On the other hand ...
Instant replay review breezed past its first round of tests on Monday afternoon, as three managers asked for challenges. A fourth challenged call, and the first initiated by the umpire crew, was upheld by review later in Oakland.
This was a day of history, a day when the game changed in ways we'll all need a little time getting our minds around.
First things first.
The first three challenges took 58 seconds, 90 seconds and 2 1/2 minutes to decide. Everything begins right here.
Commissioner Bud Selig supported the expanded use of replay only after being convinced that the technology existed to make clean, quick, correct decisions.
Selig had watched enough pro and college football games to understand that he didn't want a system if it meant the action would be halted for long stretches of time.
In short, baseball wasn't going to have replay just to have it. Baseball wanted to do it right. Still, Braves president John Schuerholz, one of the architects of the system, said he saw it as a three-year project, as flaws were detected.
Yet Schuerholz, too, had to be convinced the thing would work. He also knew that dozens of baseball officials poured their heart and soul into the system over the last two years.
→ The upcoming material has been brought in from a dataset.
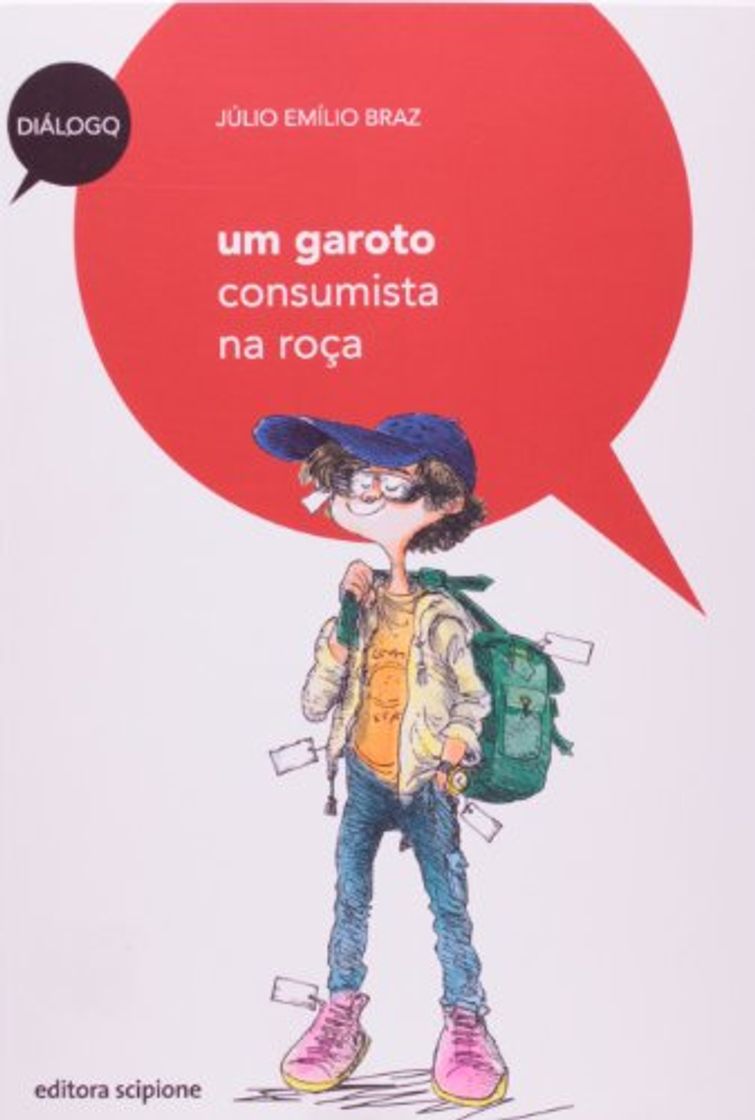 Books Um Garoto Consumista na Roça - Coleção Diálogo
By the time 42 tons of equipment were shipped to ballparks and 172 miles of video cable installed, baseball officials were cautiously confident that they'd done things right.
On Monday, they were proven to be correct. This was the day baseball once more integrated incredible technology with the national pastime.
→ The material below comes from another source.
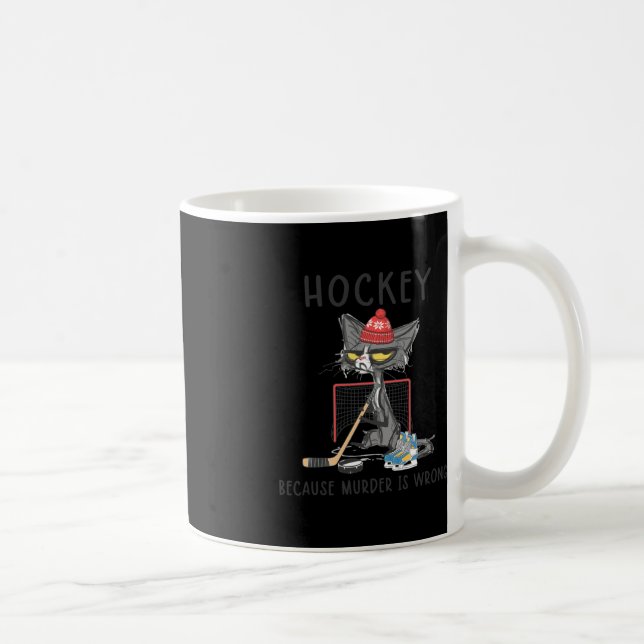 Mug Hockey Parce Que Le Meurtre Est Mal Amusant Chat H (Droite)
Baseball changed. Yet baseball stayed the same.
Here's the part that may take you some time to get your mind around. Baseball isn't just reviewing close calls this season. Baseball is making lightning-quick decisions -- that is, doing everything it can to get the call right.
And then thanks to the breathtaking technology at Major League Baseball Advanced Media, those decisions are being flashed to ballpark video boards, hand-held devices, cellphones and laptops around the world. All in an instant.
It's not just that baseball wants to get every single call right, or as right as the technology will allow. It's that baseball wants to bring fans closer to the action, to make them if not part of the process, at least an intimate observer.
No sport has done a better job of respecting its past while embracing the technology of the digital age.
In rapid order, three calls were challenged in two games on Monday afternoon. One was confirmed, two overturned.
Cubs manager Rick Renteria became the first manager to use a challenge to check an out call at first base by umpire Bob Davidson against Chicago baserunner Jeff Samardzija.
Davidson checked with home-plate umpire John Hirschbeck, who then talked to the Replay Operations Center at MLBAM's headquarters in New York. Ninety seconds later, the call was confirmed, and fans at PNC Park were shown the decisive video on the scoreboard.
Shortly after that, Braves manager Fredi Gonzalez became the first to win a challenge. After umpire Greg Gibson called Brewers outfielder Ryan Braun safe in the bottom of the sixth inning on a play at first, replay officials needed just 58 seconds to overturn the call.
Back to Cubs-Pirates.
In the top of the 10th inning, Pittsburgh reliever Bryan Morris attempted to pick off Emilio Bonifacio. Davidson called Bonifacio safe. Bucs manager Clint Hurdle asked for a replay.
Back in New York, they needed 2 1/2 minutes to rule that Morris had indeed gotten Bonifacio out. Call overturned.
In Oakland, A's catcher John Jaso tagged out Michael Brantley on a play at the plate in the sixth inning. Crew chief Mike Winters asked for a review to determine if Jaso properly blocked the plate under MLB's new rules to curtail collisions. The play was upheld, but the Indians retained their challenge.
And so, something splendid unfolded across Major League Baseball on Monday. Something historic. Something that moved the game in the right direction.
As vice president of baseball operations Joe Torre, another architect of the system, said last week, the entire thing is about having the outcome decided by the players and managers.
"You don't want a manager going home, thinking, 'If that one call hadn't gone against me ...'"
Baseball moved toward that goal on Monday. Rapidly. Splendidly.